Current and voltage asymmetry degrades the efficiency of the power system. It reduces the efficiency of generation, transmission and distribution of electricity. Ultimately, this results in an increase in the price of electricity. The electricity consumer will also incur additional costs due to a decrease in the efficiency of electrical equipment with the appearance of voltage asymmetry.

Figure 1. Asymmetry in power network causes higher costs.

About Asymmetry

There are three types of asymmetry states in the power grid. It is the current asymmetry, voltage asymmetry and the simultaneous occurrence of both current and voltage asymmetry. 

With regard to three-phase systems, voltage asymmetry is defined as a state in which the effective values of the three phase voltages are not the same and/or the angles between them differ significantly from 120 ° as can be seen in figure 2b. Any three-phase system of voltage or current vectors can be decomposed into a sum consisting of three components: zero sequence, negative sequence and positive sequence component. Coefficients that are scaled to the positive sequence can be calculated and are used to describe the quantitatively phenomenon of voltage and current asymmetry.

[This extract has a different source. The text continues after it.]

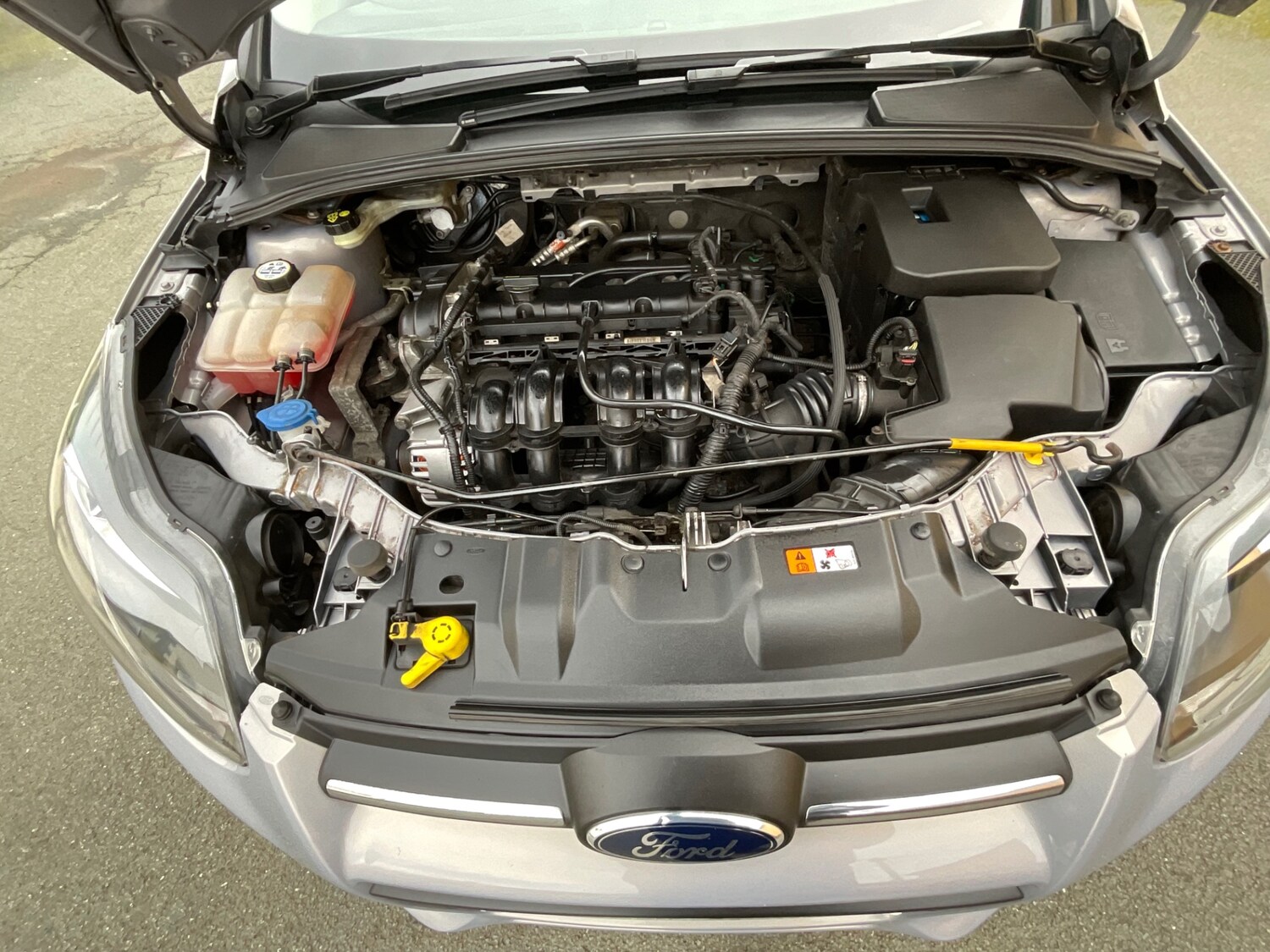 Used Ford Focus 2012 for sale - 77902336: Photo 31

Figure 2. Phasor graph in a) reflects perfect symmetry in 3 phase power system. All vectors corresponding to 3 phases have the same magnitude and there is 120° between two adjacent vectors. Phasor graph in b) reflects asymmetry in power system. The vectors have different length and the angular shifts are different than 120° between adjacent phases.

Sources of Asymmetry

Voltage asymmetry and current asymmetry are two different types of asymmetry in the power system. The source and nature of these asymmetries are different. Voltage unbalance results from the structural asymmetry of generators (variations in internal construction), transformers, and transmission and distribution lines. In addition, asymmetry can be caused by a voltage drop on the system impedance by asymmetrical currents. In turn, the main source of current unbalance is load imbalance, caused by a single phase load in the distribution system or a fault on the load side.

Voltage asymmetry can also cause asymmetry in the supply current. This is particularly evident in the current of induction motors supplied with asymmetric voltage. For example, a 1% asymmetry in the supply voltage can cause several times greater current unbalance in induction motors.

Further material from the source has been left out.